### [MATERIAL FOR THIS EXERCISE]
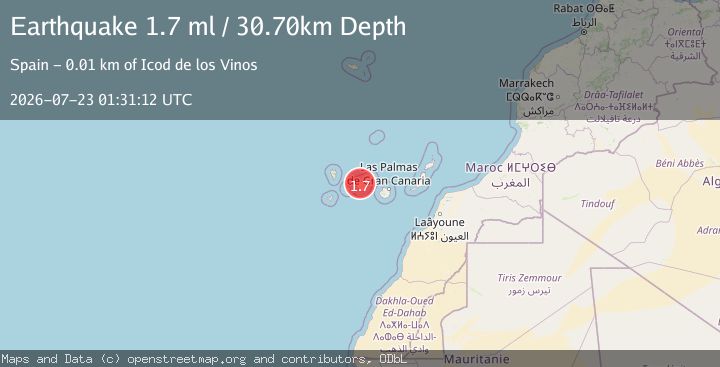 Map of CANARY ISLANDS, SPAIN REGION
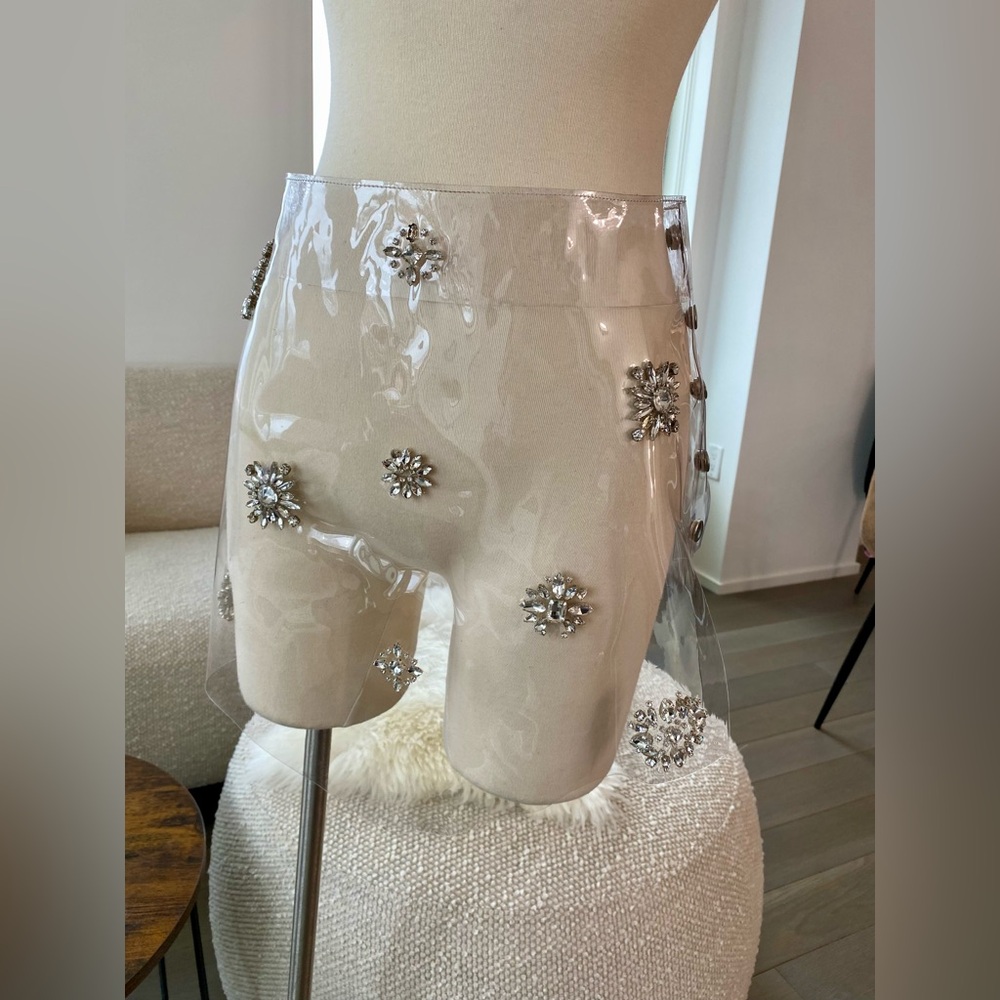 Embellished PVC Skirt Size XS by the brand AREA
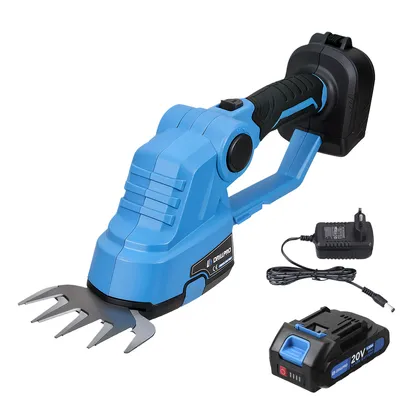 Produktbild von Drillpro Elektrische Heckenschere 21V 1.5Ah, 8" Klinge 1200 Hübe/min, 1/4" Schnitt, Garten Heckenschneider Heckensäge, mit 1 Akku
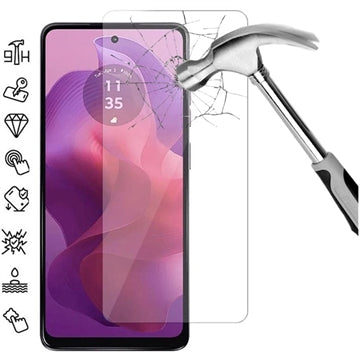 Motorola Moto G24 Skærmbeskyttelse Hærdet Glas - 9H, 0.3mm - Case Friendly - Klar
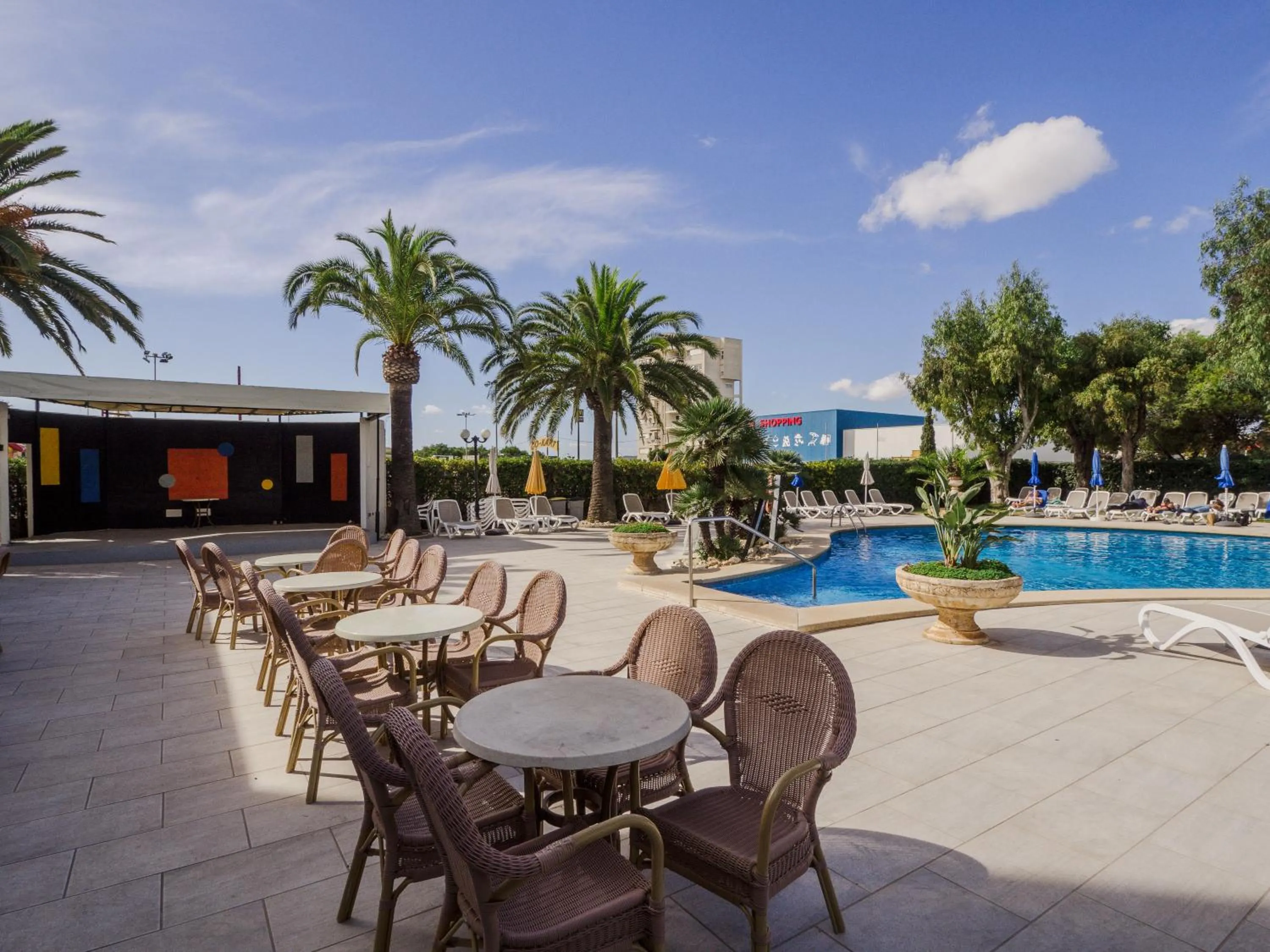 Property building in Hotel La Santa Maria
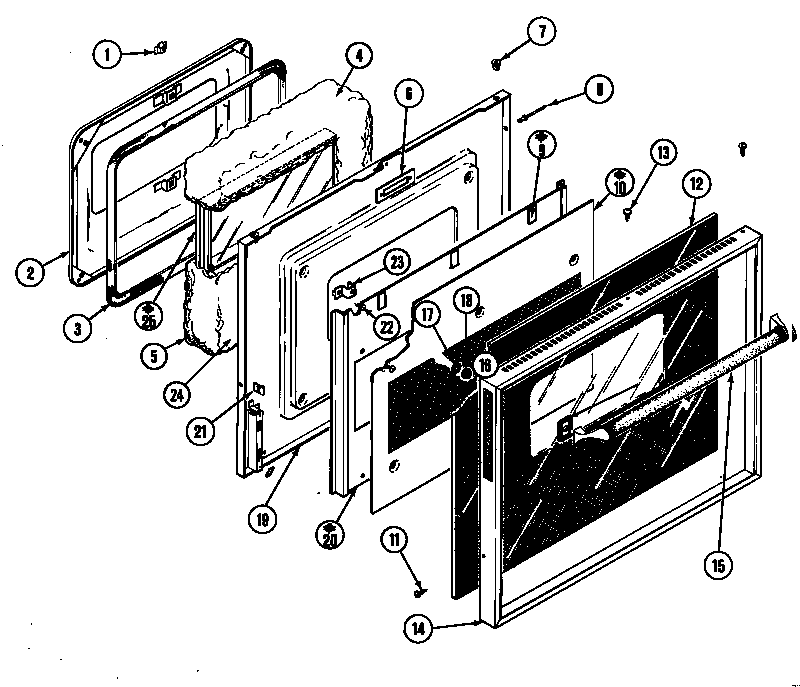 Jenn-Air W122 door diagram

### [EXERCISE OBJECTIVE]
Beginning at the line with "Motorola Moto G24", reproduce word for word each line through the last line of the records. Include both ends but no pictures.

### [ANSWER TO THE EXERCISE]
 Motorola Moto G24 Skærmbeskyttelse Hærdet Glas - 9H, 0.3mm - Case Friendly - Klar
 Property building in Hotel La Santa Maria
 Jenn-Air W122 door diagram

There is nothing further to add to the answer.